Drei Fragen an Schulleiter Steffen Krüger

  1. 1.  Wird Ihre Förderschule heutzutage immer noch diskriminiert?

    Diese Frage lässt sich mit "teilweise" beantworten. Personen, die mit unserer Förderschule vertraut sind oder sie besuchen, schätzen sie aufgrund ihrer tatsächlichen Hilfeleistung. Allerdings gibt es andere, die Schwierigkeiten damit haben, wenn ihr Kind einen sonderpädagogischen Förderbedarf benötigt. Oftmals lehnen sie das Unbekannte zunächst ab.

    2.  Sind Förder- und Regelschule in beide Richtungen durchlässig?
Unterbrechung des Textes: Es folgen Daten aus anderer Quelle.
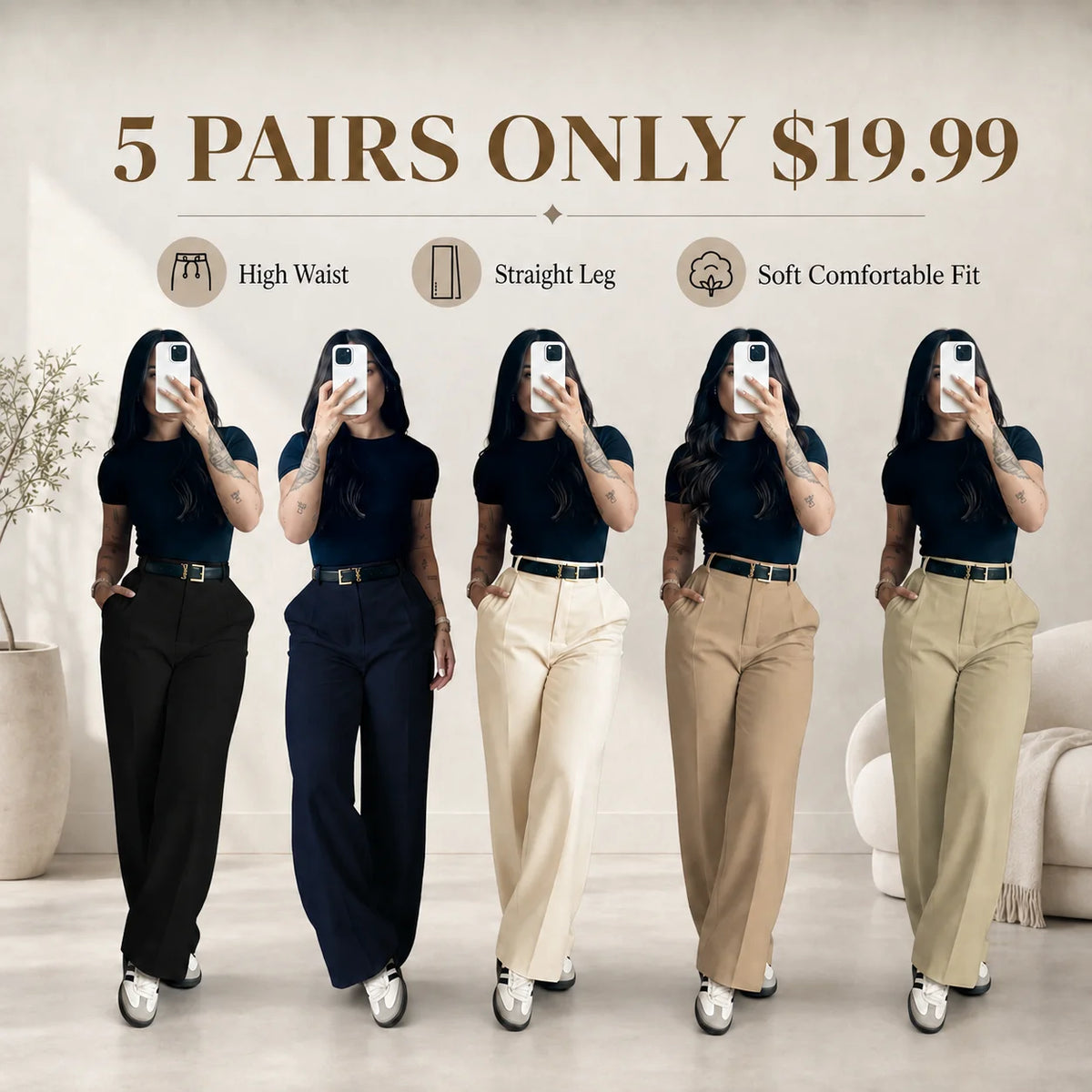Women's High Waist Straight Leg Suit Pants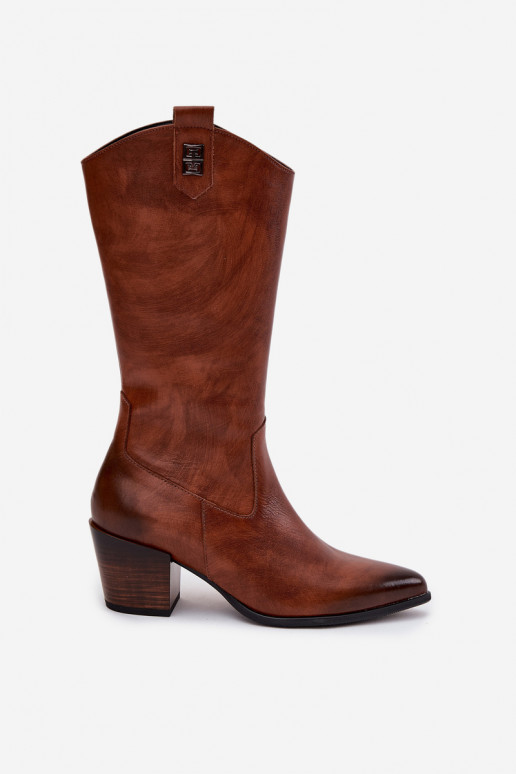 Leer laarzen coInboystijl met hakken opInarmen Zazoo 70155 bruine kleur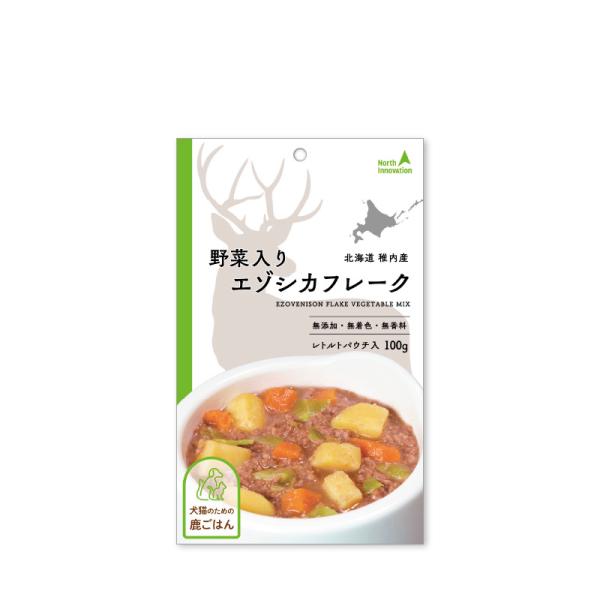 ペット/エゾシカ肉/鹿肉/シカ肉 鹿ごはん 野菜入りエゾシカフレーク 100g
    Hier kann man eindeutig "ja" sagen. In der Förderschule haben wir immer Kinder, darunter auch aktuell mehrere, die durch einen Probeunterricht wieder in die Regelschule zurückkehren. Es gibt bestimmte, strenge Kriterien, die erfüllt werden müssen, wenn ein Kind besondere Förderung benötigt, sei es durch Inklusion in der Regelschule oder an unserer Förderschule. Das gilt natürlich auch für den umgekehrten Weg, also die Aufhebung des Förderbedarfs. Gleichzeitig besteht das Recht auf eine Förderschule oder inklusiven Unterricht. Es darf jedoch nicht vergessen werden, dass in Hessen das Elternwahlrecht gilt. Kinder können nicht gegen den Willen der Eltern "zwangsbeförderschult" werden.

    3.  Wie wird sichergestellt, dass Kinder mit Lernschwierigkeiten in der Regelschule - zusätzlich - durch Fachkräfte betreut werden?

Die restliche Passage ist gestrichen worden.